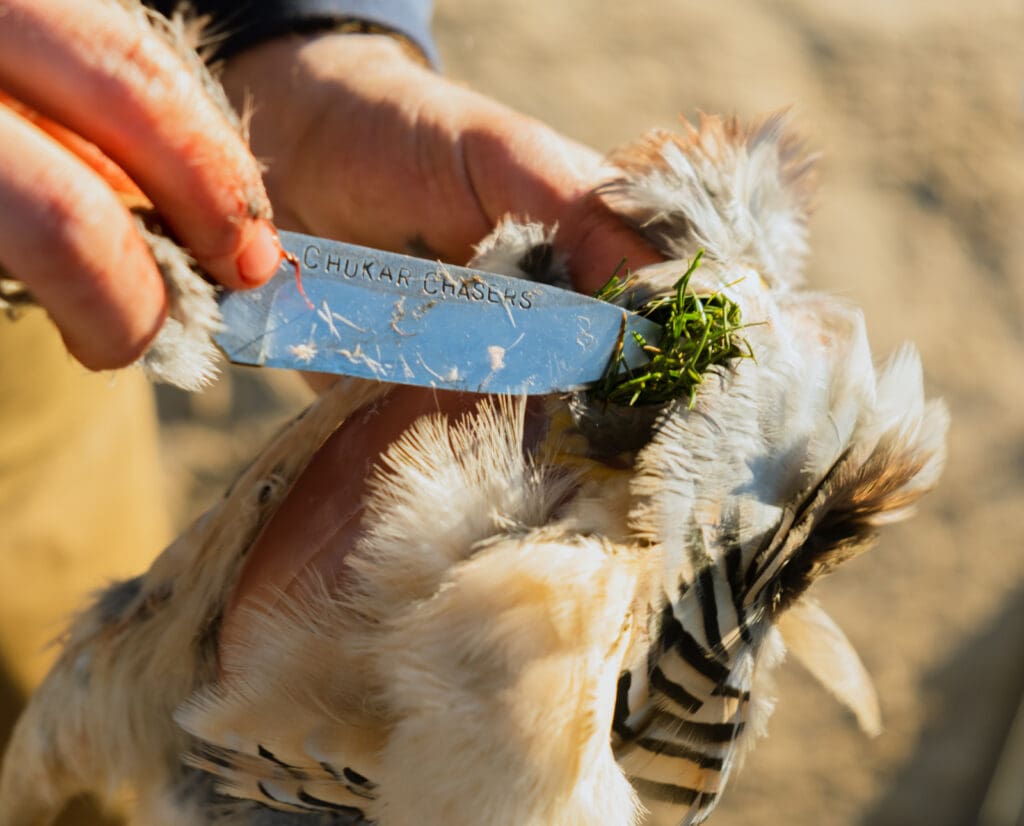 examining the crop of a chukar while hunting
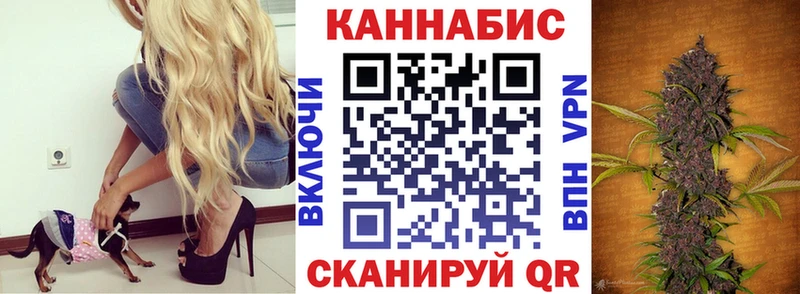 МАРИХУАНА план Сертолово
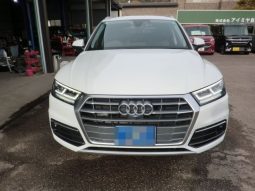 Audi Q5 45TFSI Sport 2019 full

* **What the exercise asks**
Word for word, restate all of the material, omitting the images.

* **Reply to the task**
 examining the crop of a chukar while hunting
 МАРИХУАНА план Сертолово
 Audi Q5 45TFSI Sport 2019 full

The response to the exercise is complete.